TASK INSTRUCTIONS.
Print the listing below verbatim, passing over each picture.

DATA SUPPLIED.
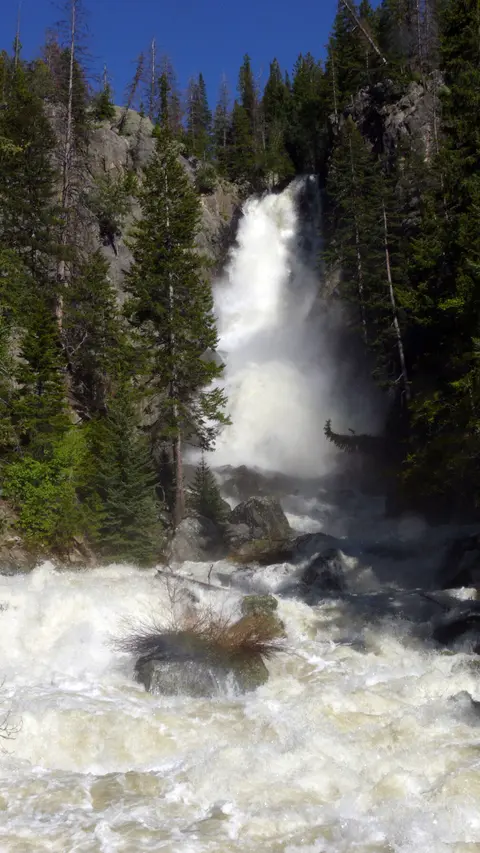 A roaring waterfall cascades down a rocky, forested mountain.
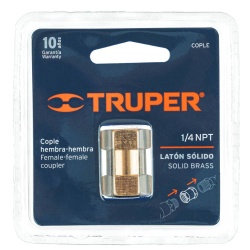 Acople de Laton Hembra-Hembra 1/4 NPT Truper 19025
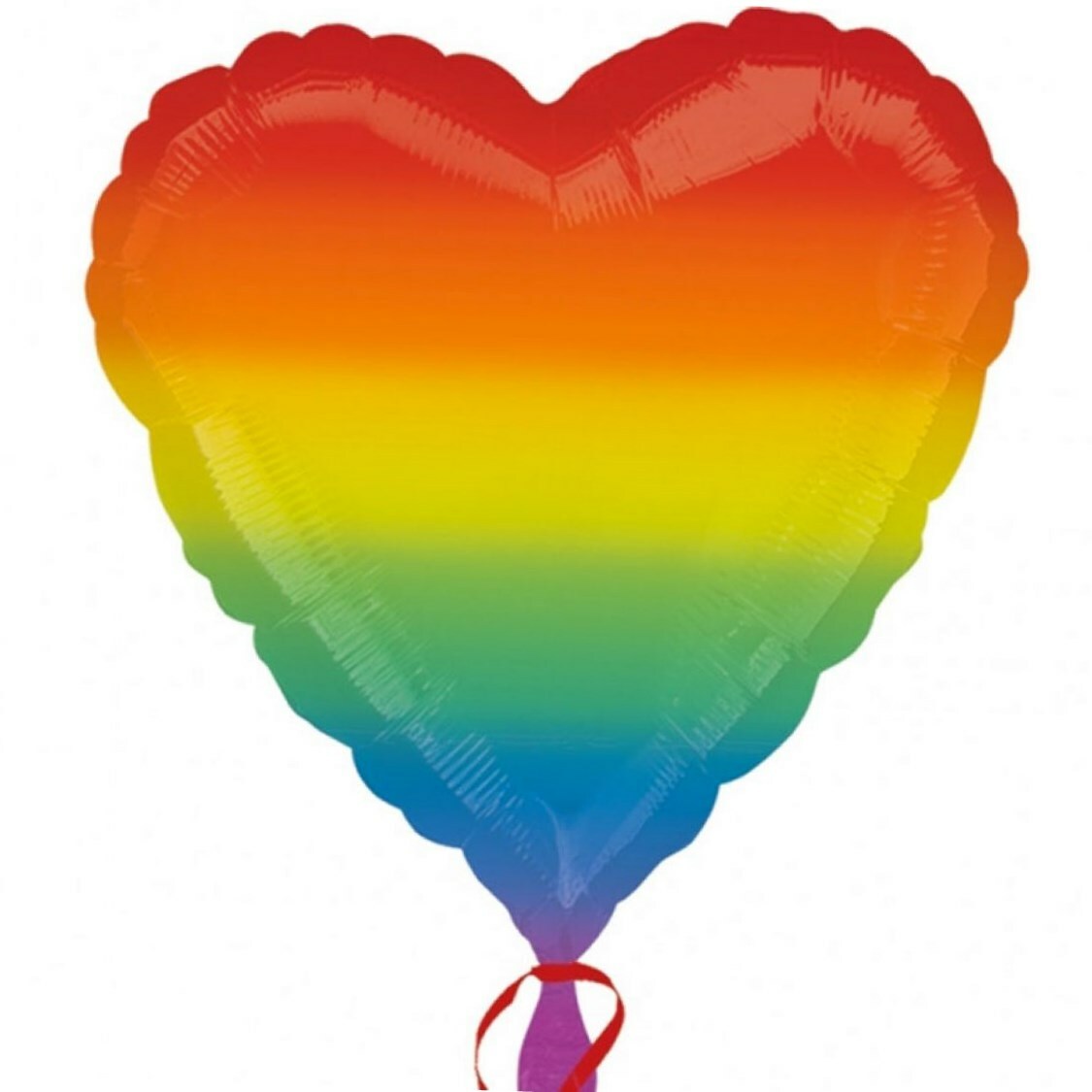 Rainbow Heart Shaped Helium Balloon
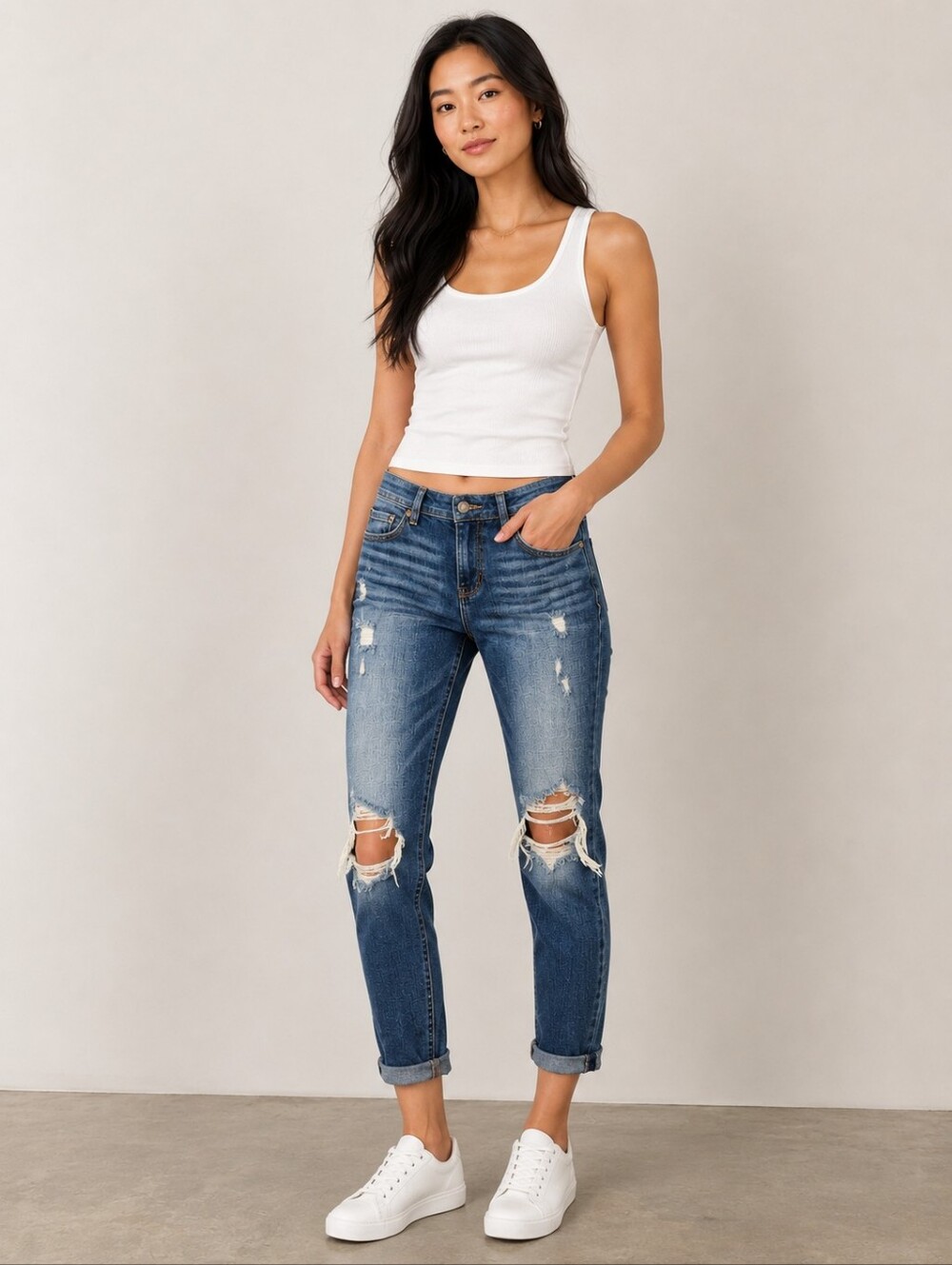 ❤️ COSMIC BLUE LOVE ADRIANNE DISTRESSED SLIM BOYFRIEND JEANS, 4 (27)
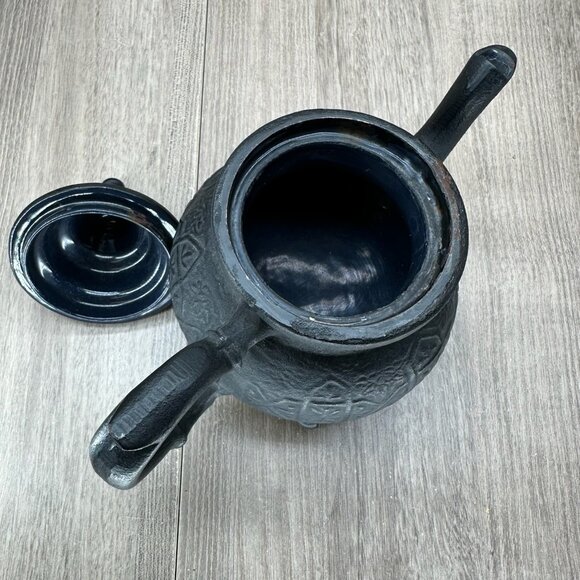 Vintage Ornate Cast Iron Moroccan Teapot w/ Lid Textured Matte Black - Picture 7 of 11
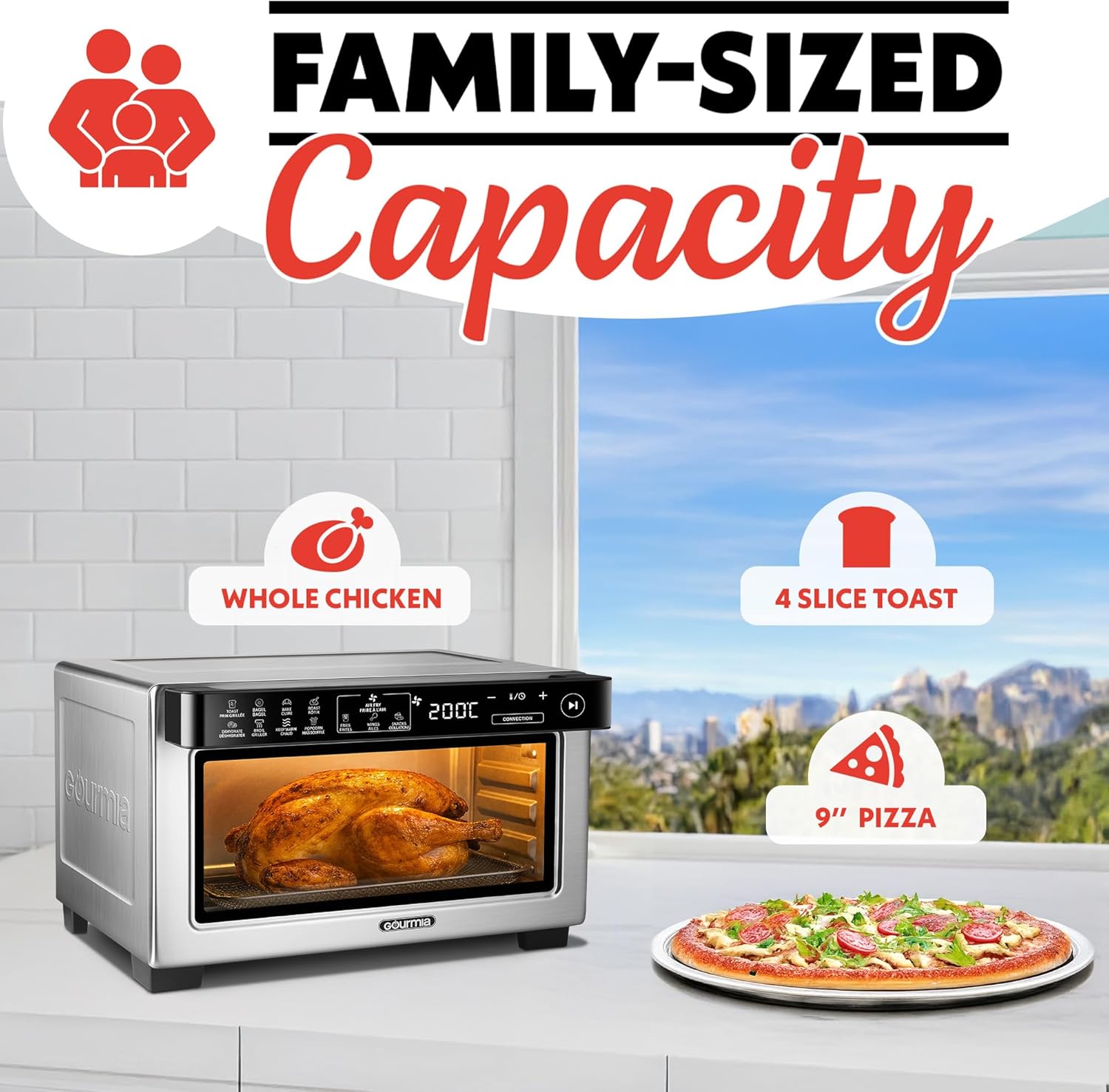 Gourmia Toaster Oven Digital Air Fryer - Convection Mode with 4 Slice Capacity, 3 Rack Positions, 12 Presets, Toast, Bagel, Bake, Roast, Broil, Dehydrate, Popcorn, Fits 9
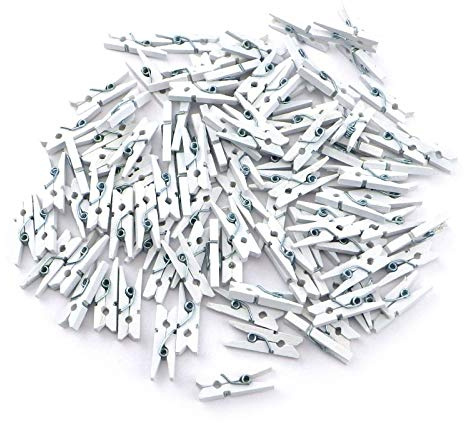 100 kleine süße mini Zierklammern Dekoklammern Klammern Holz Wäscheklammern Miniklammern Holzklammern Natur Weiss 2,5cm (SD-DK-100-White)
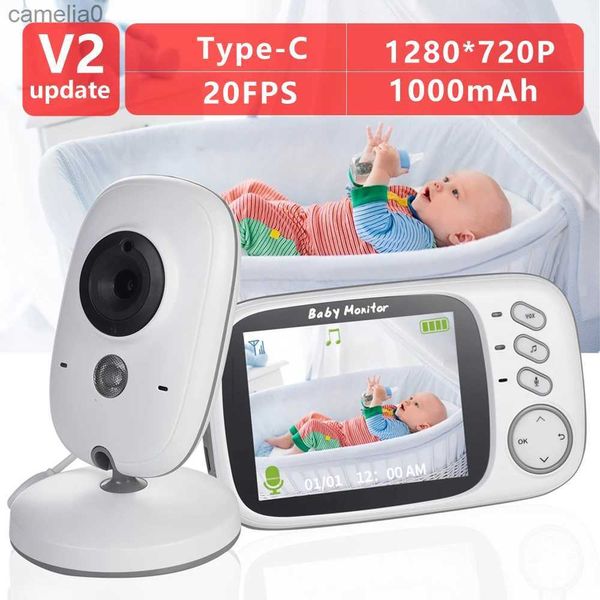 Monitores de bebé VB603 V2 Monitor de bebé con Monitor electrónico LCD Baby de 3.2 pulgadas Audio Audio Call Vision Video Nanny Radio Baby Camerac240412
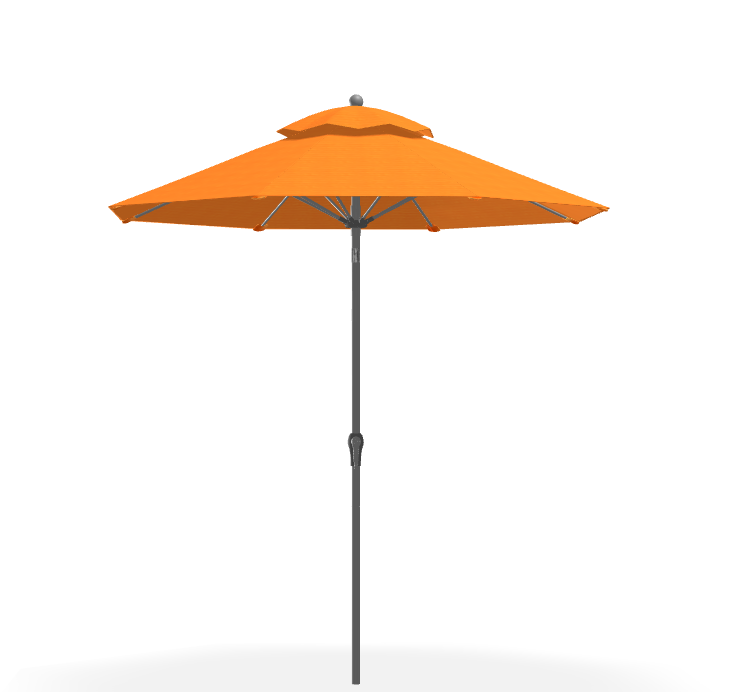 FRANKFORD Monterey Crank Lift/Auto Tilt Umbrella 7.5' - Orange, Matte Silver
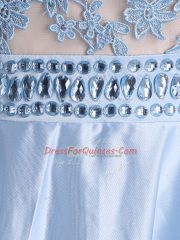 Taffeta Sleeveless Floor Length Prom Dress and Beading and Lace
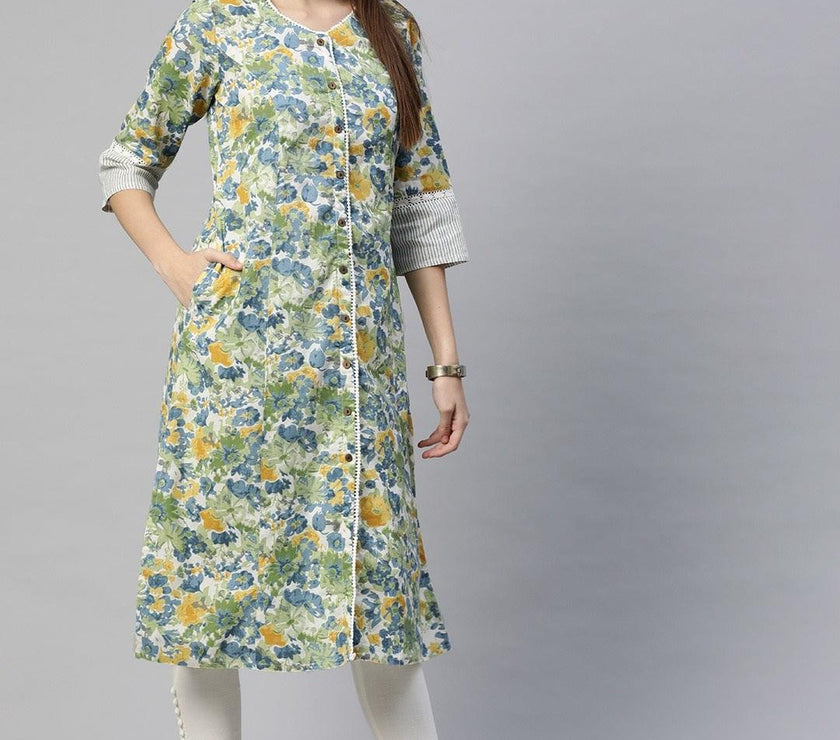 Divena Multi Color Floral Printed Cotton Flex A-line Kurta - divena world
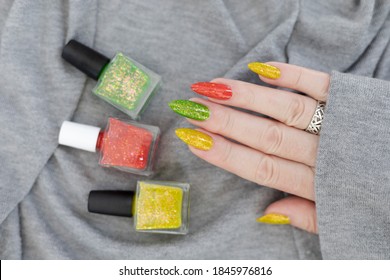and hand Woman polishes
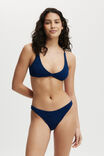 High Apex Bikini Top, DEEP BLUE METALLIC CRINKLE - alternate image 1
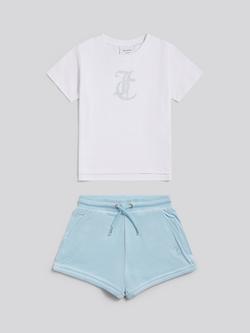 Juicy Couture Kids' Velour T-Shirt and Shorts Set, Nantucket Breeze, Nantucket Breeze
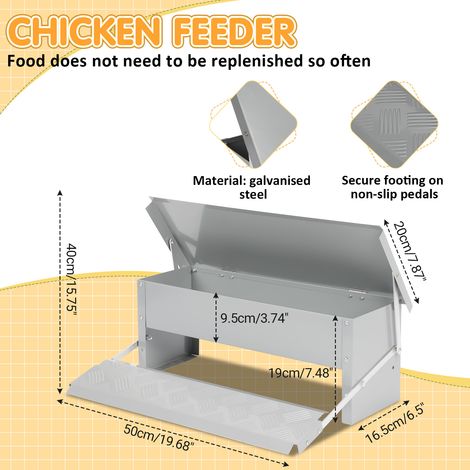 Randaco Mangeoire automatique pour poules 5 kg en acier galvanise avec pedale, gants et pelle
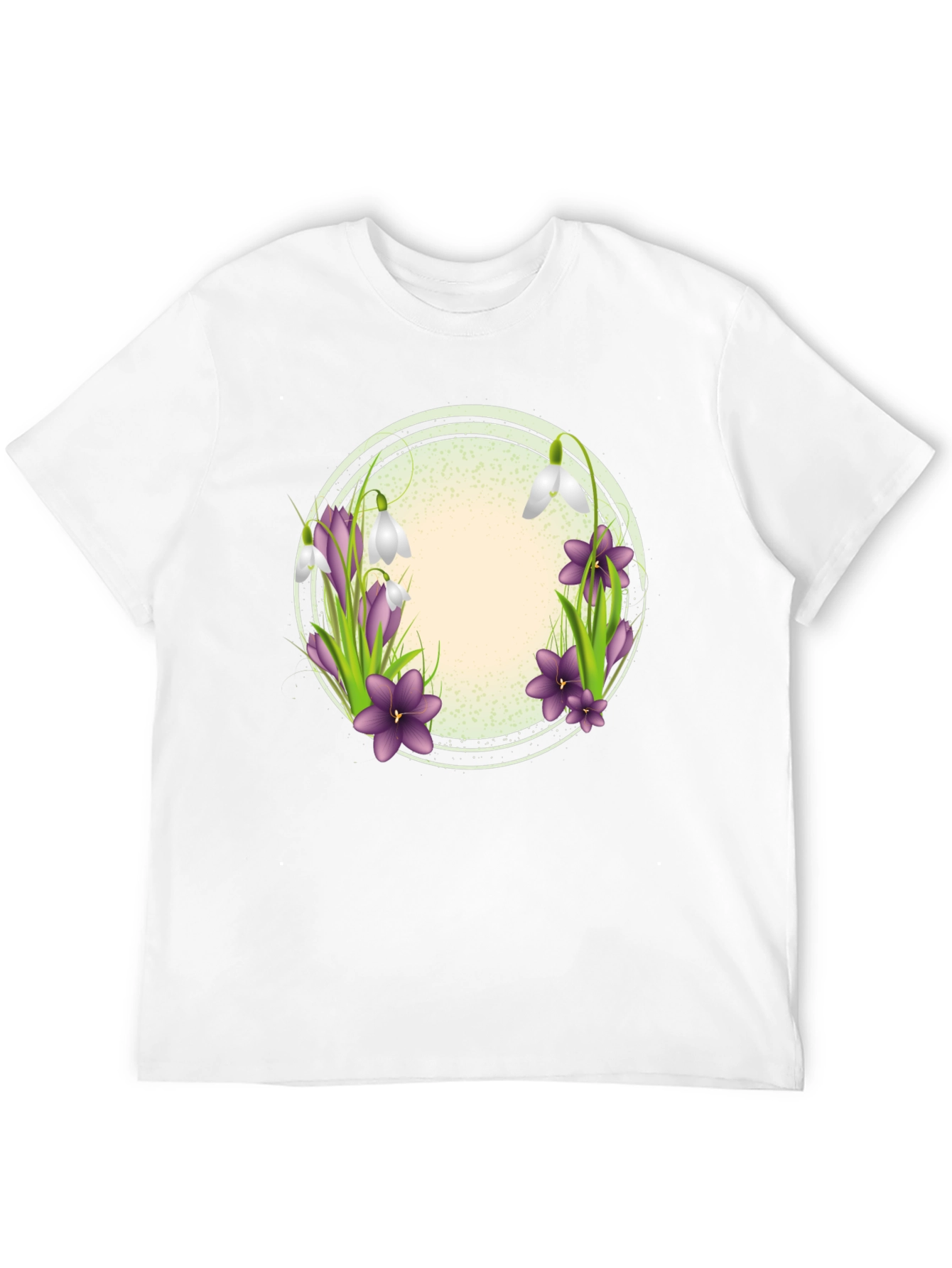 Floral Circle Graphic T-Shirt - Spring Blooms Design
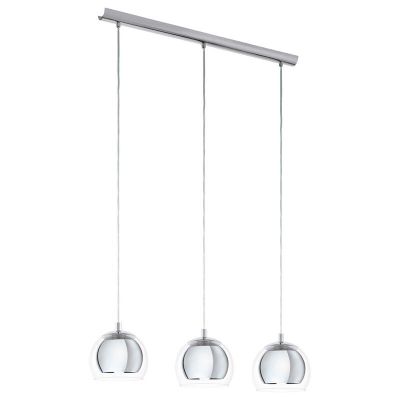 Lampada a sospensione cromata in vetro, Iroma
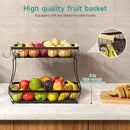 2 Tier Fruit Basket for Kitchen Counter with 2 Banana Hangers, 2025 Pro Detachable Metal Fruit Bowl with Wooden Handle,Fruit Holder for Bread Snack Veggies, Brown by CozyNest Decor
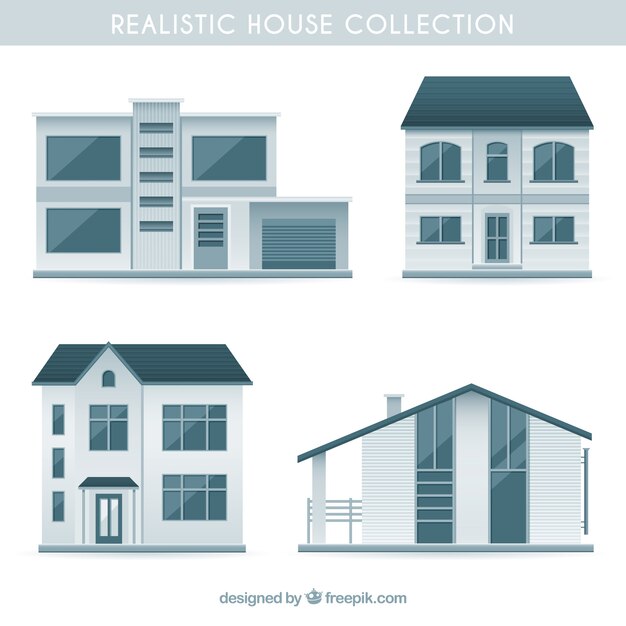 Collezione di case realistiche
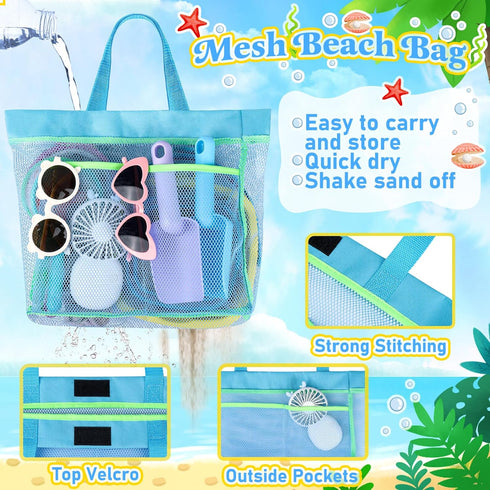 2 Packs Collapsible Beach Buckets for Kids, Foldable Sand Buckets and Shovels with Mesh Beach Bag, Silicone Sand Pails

WRITTEN RESPONSE.
 A roaring waterfall cascades down a rocky, forested mountain.
 Acople de Laton Hembra-Hembra 1/4 NPT Truper 19025
 Rainbow Heart Shaped Helium Balloon
 ❤️ COSMIC BLUE LOVE ADRIANNE DISTRESSED SLIM BOYFRIEND JEANS, 4 (27)
 Vintage Ornate Cast Iron Moroccan Teapot w/ Lid Textured Matte Black - Picture 7 of 11
 Gourmia Toaster Oven Digital Air Fryer - Convection Mode with 4 Slice Capacity, 3 Rack Positions, 12 Presets, Toast, Bagel, Bake, Roast, Broil, Dehydrate, Popcorn, Fits 9
 100 kleine süße mini Zierklammern Dekoklammern Klammern Holz Wäscheklammern Miniklammern Holzklammern Natur Weiss 2,5cm (SD-DK-100-White)
 Monitores de bebé VB603 V2 Monitor de bebé con Monitor electrónico LCD Baby de 3.2 pulgadas Audio Audio Call Vision Video Nanny Radio Baby Camerac240412
 FRANKFORD Monterey Crank Lift/Auto Tilt Umbrella 7.5' - Orange, Matte Silver
 Taffeta Sleeveless Floor Length Prom Dress and Beading and Lace
 Divena Multi Color Floral Printed Cotton Flex A-line Kurta - divena world
and hand Woman polishes
 High Apex Bikini Top, DEEP BLUE METALLIC CRINKLE - alternate image 1
 Juicy Couture Kids' Velour T-Shirt and Shorts Set, Nantucket Breeze, Nantucket Breeze
 Randaco Mangeoire automatique pour poules 5 kg en acier galvanise avec pedale, gants et pelle
 Floral Circle Graphic T-Shirt - Spring Blooms Design
 Lampada a sospensione cromata in vetro, Iroma
 2 Tier Fruit Basket for Kitchen Counter with 2 Banana Hangers, 2025 Pro Detachable Metal Fruit Bowl with Wooden Handle,Fruit Holder for Bread Snack Veggies, Brown by CozyNest Decor
 Collezione di case realistiche
 2 Packs Collapsible Beach Buckets for Kids, Foldable Sand Buckets and Shovels with Mesh Beach Bag, Silicone Sand Pails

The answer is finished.